I think this feeling is a staple of all involved in "longer-term" creative efforts that have to compete for the same mindshare. I'm sure PhD/grad students have the same horror when one of their Google alerts pops up with a conference paper abstract that reads just like what they've been slaving on for three months :o !!
They (we) do. Fortunately, no one appears to have scooped me yet. Its actually much worse in academia though, as someone could be winding their way through publication for a year while you're still collecting data, and by the time you're done, its too late. Contrast with startups where they tend to be promoted from day one, and it makes for a much scarier experience.
By the way, I'm interested in chatting with anyone willing to join me on this ride. If you want to create stuff along the lines of skills, semantic skill graphs, recruiting, I'm doing anything I can to let you go wild with what I already have. I track over 2000 unique skills, more than 20.000 skills associated and start getting great data. if this sounds cool, i'd really love to chat! find me on twitter @mittermayr or anywhere else, my address is all over the place. thanks HN, i really, really, really love how you make some people's days, like mine, today.
I tried to upload my CV by downloading it from Google Docs as 'Word format' and uploading it to your site but it said it wasn't a supported file format. I'd check that as lots of people use Docs these days :)
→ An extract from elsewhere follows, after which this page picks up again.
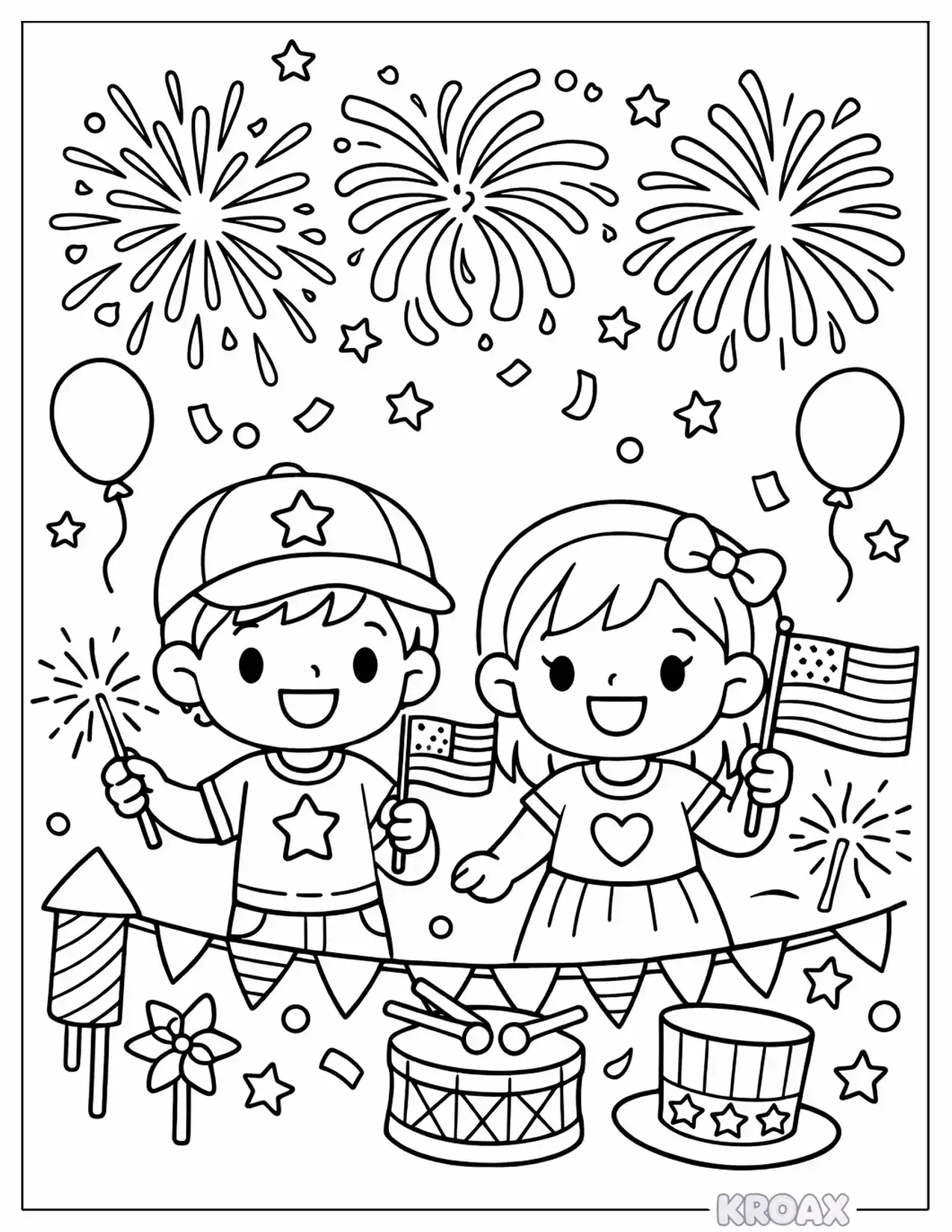 july fourth sparkler celebration with kids printable coloring page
Nice article, though I'm a bit confused by what your startup does. You may want to make the benefits/problem you're trying to solve a bit more obvious on the main page.
yeah, most common feedback, that's why I decided to trim it down and we'll release a new, much clearer product that uses this beast as a backend, and has a clear message up front. just not ready yet. man i wish i knew this would pop up so much here on HN. THANKS!!!
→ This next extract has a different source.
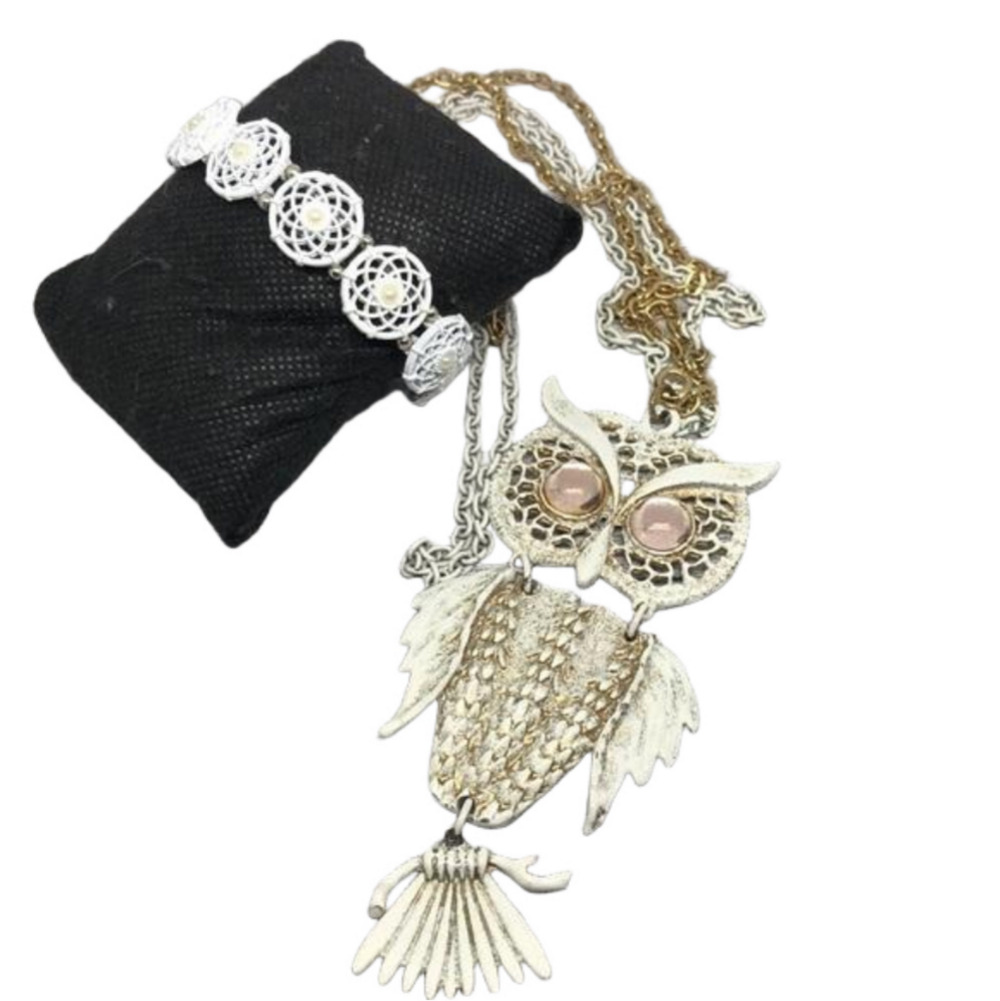 Big owl pendant double chain, necklace free bracelet boho festival statement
What we've learned from this post is that when the author was at Microsoft talking and interviewing startups and people in new, innovative spaces, they had absolutely no clue what so ever of what startup founders go through. Yes starting a company it is of course one of the most difficult things you can do -- especially if you waste time trying to raise money rather than say staying focusing on making money.
well i've always been sort of self-employed before, projects here, projects there, wrote a book, just had jobs on and off - but it was never a thing i did as 100% like now - which is a hell lot scarier
But I will say that it's hard to imagine that a startup will be successful unless you are emotionally all in, and that quote failure is not an option unquote. Doing stuff on the side never really made sense to me, other than as a bootstrapping strategy. The anxiety and stress, if you are able to channel them productively, are amazing sources of energy and focus. Good luck!
I think I'm going to send this one to my (also very sane) girlfriend so she understands better why I crawl into bed and then 30 minutes later get up again and go back to the computer. Thanks for putting words to that feeling that feeling that many of us know so well - if nothing else, it's nice to know that other people experience the same thing.
I'm there with you guys. To me this was my top story today. I couldn't have expressed it better myself. Does your same girlfriend get it though? I couldn't live without mine because she helps me escape the extreme stress but at the same time she often gives me hell about working all the time and never "having time for her" or "putting work first". It's like, hey, do you wanna eat or would you rather cuddle together in some back alley and starve to death because I couldn't make enough for us to survive? Yeah, a little extreme but I do think along those limes sometimes. Keeps me motivated.
Your idea doesn't seem like one where first-move takes all (whether it's customers, hype, media press, etc). I recommend just going all in with the enterprise market, and marketing it as a tool for employers to keep track of the skills their employees have. Sort of like a poor man's SuccessFactors.
you nailed my second iteration right there. when i realized that the consumer market is just filled with services, i figured, the hell with it, i'll create an enterprise only product, full with virtual hosting environments and everything - never made enough progress to push it out yet, but it's at 80% done or so and does 100% what you said right there... appreciated!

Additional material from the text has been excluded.